En mars 2021, Maung Saungkha a disparu. Sans prévenir. Je le connaissais depuis plusieurs années, c’était un activiste important en Birmanie, un poète remarqué, très critique d’Aung San Suu Kyi. Quand les militaires ont pris le pouvoir, en février 2021, il était évidemment dans la rue, perché sur une chaise ou le toit d’un camion, galvanisant les foules. On s’appelait régulièrement. J’entendais derrière lui les cris, le bruit furieux des poêles, des casseroles martelées chaque soir à 20 heures par les habitants de Rangoun pour signifier leur rejet de la junte. Et puis plus rien. Un silence inquiétant, long de plusieurs semaines. Je ne savais pas encore qu’il était en train de rejoindre discrètement l’État karen et d’y constituer son armée.

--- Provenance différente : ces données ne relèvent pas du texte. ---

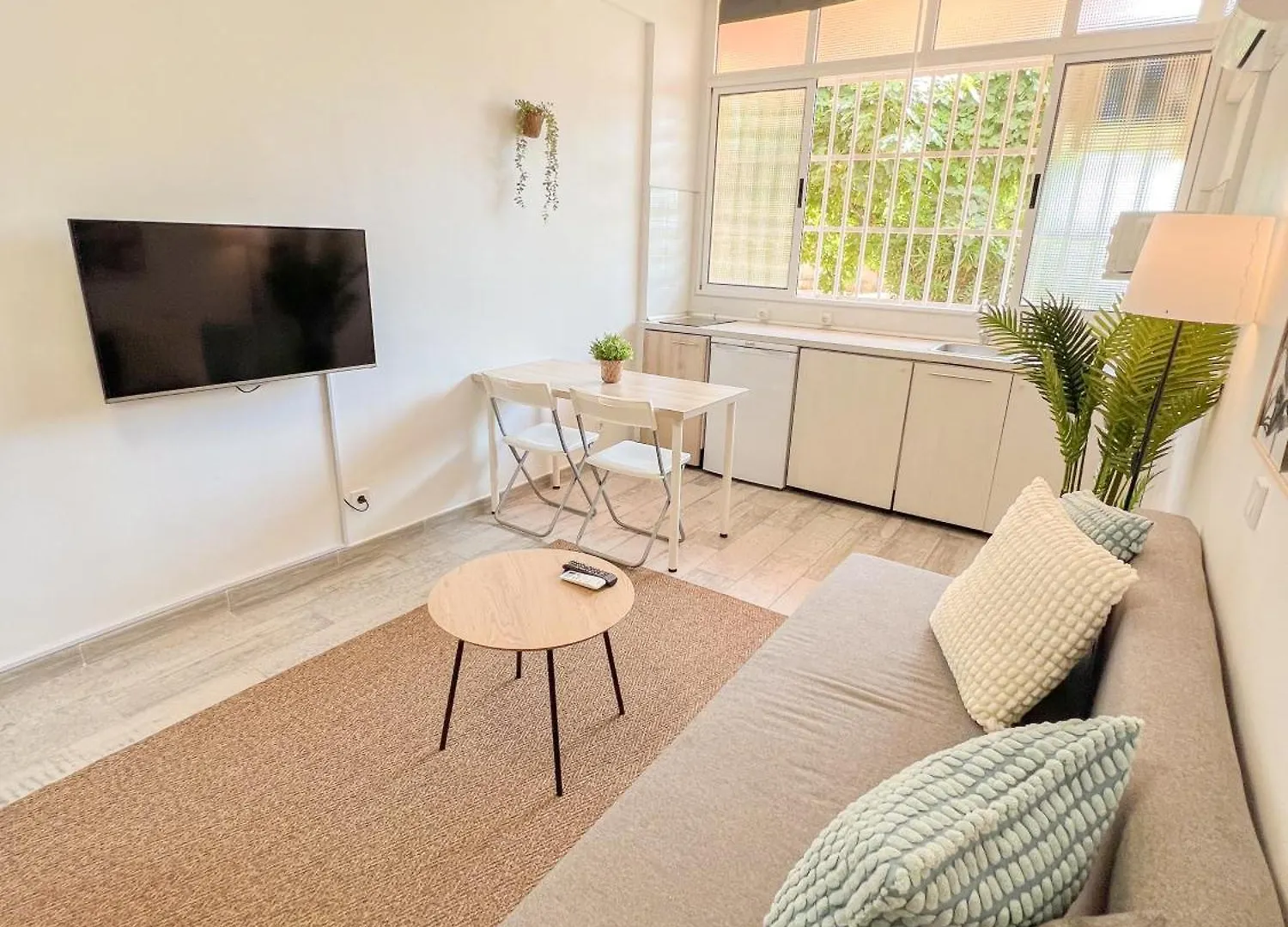 Cozy Studio With Pool Acuario Benalmadena Apartment
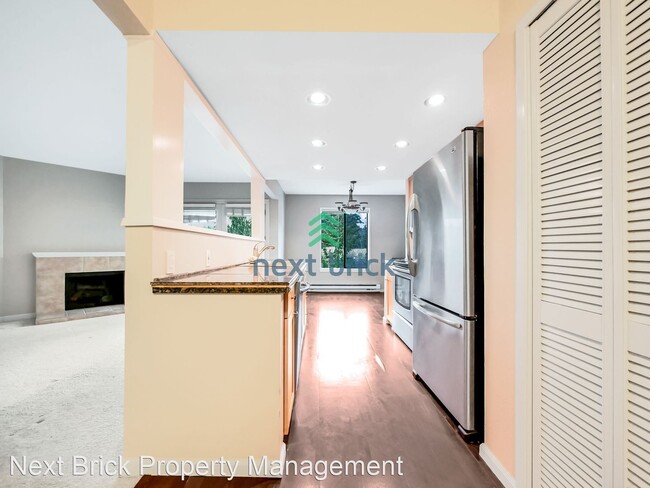 Building Photo - 2 br, 2 bath Condo - 10415 NE 32nd Pl Apt ...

Quand je le retrouve, trois ans plus tard, en pleine jungle, après avoir traversé illégalement la frontière séparant la Thaïlande et la Birmanie, c’est un autre homme. Moins insouciant, plus dur, rongé par la mélancolie. Mais généreux. Accompagné du photographe birman Ta Mwe, je passe une semaine en sa compagnie et celle de ses hommes, alors que se déroule, à quelques kilomètres, une violente bataille pour la ville de Hpapun et ses environs – nous serons témoins, au détour d’une route, d’un bombardement aérien.
L’accès que nous avons obtenu est rare. Une immersion dans l’intimité d’un chef de guerre, une espèce qui, d’ordinaire, n’aime pas les journalistes, cultive la distance et le secret. Le poète Maung Saungkha fait figure d’exception.